In Iran fa paura anche un colpo di testa al pallone

La libertà finisce anche quando non puoi più colpire un pallone di testa. Le giocatrici di calcio dell’Iran non lo faranno più. Per paura di qualcuno, non di qualcosa. Non è il pallone che fa male, è il terrore che succeda quello che è successo qualche giorno fa: la palla che fa scivolare il copricapo con cui sono costrette a giocare, un pezzettino di capelli si vede. La normalità per chiunque altro al mondo è un problema per chi sa che quella ciocca innocente possa valere un rimprovero, o forse di più una punizione.
Le foto raccontano molto di più di quello che fanno vedere. Dicono che spesso ci dimentichiamo delle donne che vivono nello spavento continuo, si muovono sperando che non ci sia vento, che nulla alzi i loro veli. Uno, due, tre: la sequenza contiene il fatto, ma soprattutto la reazione. Perché ormai non ci colpisce neanche più che delle atlete debbano giocare a calcio tutte coperte: nessuno s’indigna, nessuno protesta, nessuno vieta. La Fifa una volta voleva addirittura che le donne giocassero con le gonne per attirare più pubblico e adesso tace di fronte alle divise da sciatrici che alcuni paesi impongono alle loro sportive. Ecco, ammesso che si possa accettare una cosa così, come fai ad accettare quello che queste foto mostrano così chiaramente? La ragazza iraniana che colpisce di testa facendo cadere inavvertitamente il copricapo si gira di spalle alla telecamera per non farsi vedere, poi soprattutto, viene soccorsa immediatamente dalle compagne che cercano di coprirla. È l’istinto di protezione, una solidarietà sincera, immediata, non richiesta eppure così angosciante. Mostra l’ansia, il tormento, l’incubo delle donne che non sono libere di essere normali.
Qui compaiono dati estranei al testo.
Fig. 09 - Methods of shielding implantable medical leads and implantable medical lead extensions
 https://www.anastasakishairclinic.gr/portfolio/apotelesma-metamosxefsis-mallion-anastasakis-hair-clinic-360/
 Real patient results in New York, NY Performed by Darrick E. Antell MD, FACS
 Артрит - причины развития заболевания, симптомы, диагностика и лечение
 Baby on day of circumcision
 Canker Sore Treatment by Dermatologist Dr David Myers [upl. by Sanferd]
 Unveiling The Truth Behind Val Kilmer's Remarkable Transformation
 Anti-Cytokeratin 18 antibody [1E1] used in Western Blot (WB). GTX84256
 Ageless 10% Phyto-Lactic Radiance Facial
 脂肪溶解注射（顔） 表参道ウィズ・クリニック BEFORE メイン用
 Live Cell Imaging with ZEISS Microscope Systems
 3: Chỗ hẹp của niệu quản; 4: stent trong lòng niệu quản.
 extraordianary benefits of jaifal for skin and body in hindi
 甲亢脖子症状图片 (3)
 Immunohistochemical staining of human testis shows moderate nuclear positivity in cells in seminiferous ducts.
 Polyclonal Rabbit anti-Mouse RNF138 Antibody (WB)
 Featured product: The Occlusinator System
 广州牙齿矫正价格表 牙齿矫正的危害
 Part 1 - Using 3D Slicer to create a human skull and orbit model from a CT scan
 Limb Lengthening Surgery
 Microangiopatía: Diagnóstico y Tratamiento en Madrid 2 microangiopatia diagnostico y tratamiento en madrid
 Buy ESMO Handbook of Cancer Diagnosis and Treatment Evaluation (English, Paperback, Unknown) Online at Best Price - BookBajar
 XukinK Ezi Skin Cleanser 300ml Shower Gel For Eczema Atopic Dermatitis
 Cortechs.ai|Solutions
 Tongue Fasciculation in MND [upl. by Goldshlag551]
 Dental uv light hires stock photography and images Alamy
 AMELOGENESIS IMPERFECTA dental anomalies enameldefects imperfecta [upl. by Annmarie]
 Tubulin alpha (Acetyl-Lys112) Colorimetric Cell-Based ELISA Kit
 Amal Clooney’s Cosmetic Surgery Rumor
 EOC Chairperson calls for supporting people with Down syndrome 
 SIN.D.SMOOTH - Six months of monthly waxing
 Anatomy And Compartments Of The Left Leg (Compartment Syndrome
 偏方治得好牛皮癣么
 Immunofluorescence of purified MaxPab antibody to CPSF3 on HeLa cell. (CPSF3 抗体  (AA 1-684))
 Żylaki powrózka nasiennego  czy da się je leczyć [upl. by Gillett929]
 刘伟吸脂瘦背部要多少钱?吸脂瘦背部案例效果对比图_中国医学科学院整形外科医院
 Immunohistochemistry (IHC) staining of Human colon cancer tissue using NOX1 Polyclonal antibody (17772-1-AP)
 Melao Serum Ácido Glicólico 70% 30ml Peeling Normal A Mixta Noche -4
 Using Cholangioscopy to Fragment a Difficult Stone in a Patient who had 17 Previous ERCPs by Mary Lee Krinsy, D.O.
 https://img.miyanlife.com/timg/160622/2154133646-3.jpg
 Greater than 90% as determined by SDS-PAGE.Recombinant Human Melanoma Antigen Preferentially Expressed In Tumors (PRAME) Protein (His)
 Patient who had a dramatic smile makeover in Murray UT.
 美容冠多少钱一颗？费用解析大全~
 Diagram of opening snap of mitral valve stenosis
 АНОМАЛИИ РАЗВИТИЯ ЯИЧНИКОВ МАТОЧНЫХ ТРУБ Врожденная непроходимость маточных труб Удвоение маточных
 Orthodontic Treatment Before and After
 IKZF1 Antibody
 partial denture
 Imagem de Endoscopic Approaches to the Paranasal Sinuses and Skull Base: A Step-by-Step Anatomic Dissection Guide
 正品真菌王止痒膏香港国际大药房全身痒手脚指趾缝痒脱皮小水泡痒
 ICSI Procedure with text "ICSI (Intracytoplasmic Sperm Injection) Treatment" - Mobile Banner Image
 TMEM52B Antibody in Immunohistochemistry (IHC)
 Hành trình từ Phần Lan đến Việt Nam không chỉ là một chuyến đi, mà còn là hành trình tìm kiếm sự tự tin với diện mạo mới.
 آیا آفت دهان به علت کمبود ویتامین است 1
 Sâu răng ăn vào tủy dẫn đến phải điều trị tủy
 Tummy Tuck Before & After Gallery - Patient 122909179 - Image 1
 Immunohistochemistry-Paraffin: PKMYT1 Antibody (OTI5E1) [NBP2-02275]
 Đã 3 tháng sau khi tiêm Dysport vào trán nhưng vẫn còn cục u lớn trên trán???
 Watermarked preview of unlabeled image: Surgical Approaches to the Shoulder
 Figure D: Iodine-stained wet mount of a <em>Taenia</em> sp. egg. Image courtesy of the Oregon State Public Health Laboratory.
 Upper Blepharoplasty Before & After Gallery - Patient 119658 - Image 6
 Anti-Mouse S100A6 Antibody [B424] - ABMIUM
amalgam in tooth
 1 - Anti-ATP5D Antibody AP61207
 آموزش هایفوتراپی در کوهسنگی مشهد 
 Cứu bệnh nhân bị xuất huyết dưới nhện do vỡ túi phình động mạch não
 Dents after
Il mondo vuole trattare con l’Iran, vuole parlare con Teheran, pensa di convincere il governo di Ahmadinejad a smetterla di essere una minaccia per l’Occidente però sta zitto di fronte a una cosa del genere. Il silenzio è l’imbarazzo collettivo e contemporaneamente il lasciapassare dell’oppressione. È la complicità. È assenso implicito ai soprusi e al clima di paura che Teheran fa vivere ai suoi cittadini. Ecco perché è terrorizzata l’espressione del volto della giocatrice che aiuta la compagna a coprirsi prima che sia troppo tardi. Sa che se qualcuno davanti alla tv vede quelle immagini è finita: la compagna sarà giudicata immorale e quindi da punire il fatto di aver perso il copricapo in un’azione da gioco. Il disonore della normalità. Quell’espressione preoccupata è l’aiuto che queste ragazze chiedono senza la possibilità di chiederlo usando la voce. Ecco, la risposta è il silenzio. Non c’è censura globale, non c’è neanche il rimbalzo su internet di immagini così agghiaccianti. Solo il sito di Repubblica ha il merito di metterle in rete. Poi il vuoto. Poi niente. È già un miracolo che qualcuno non abbia invocato le legittime tradizioni culturali e religiose dell’Iran. Come per Alì Karimi, anche lui calciatore iraniano, anzi il più forte calciatore iraniano contemporaneo: licenziato dalla sua squadra, lo Steel Azin di Teheran perché ha bevuto un bicchiere d’acqua durante il Ramadan e riabilitato solo dopo che i compagni l’hanno difeso in blocco: «Abbiamo mangiato e bevuto tutti». Prima della retromarcia Karimi ha dovuto vedere anche la tv pubblica che mostrava a tutto il paese il peggio della sua carriera: gol sbagliati, falli, errori. Come a dire: ecco chi è questo giocatore che non rispetta le regole e non si comporta come dovrebbe.
Karimi e la sua collega donna dovrebbero essere i simboli della libertà che non c’è. La rivoluzione verde, ha vinto il silenziatore imposto, ha stravinto la repressione. La prova è questa sequenza che fa paura per la paura che le si legge oltre la superficie. Non c’è nulla di naturale, nulla di accettabile, nulla di nulla.

C’è solo la dimostrazione che vivere in Iran significa avere paura di colpire una palla di testa anche se giochi a pallone, o di bere un bicchiere d’acqua d’estate dopo un allenamento, dopo una sudata, dopo qualunque cosa. Non c’è religione, non c’è cultura, non c’è niente. C’è terrore, solo quello.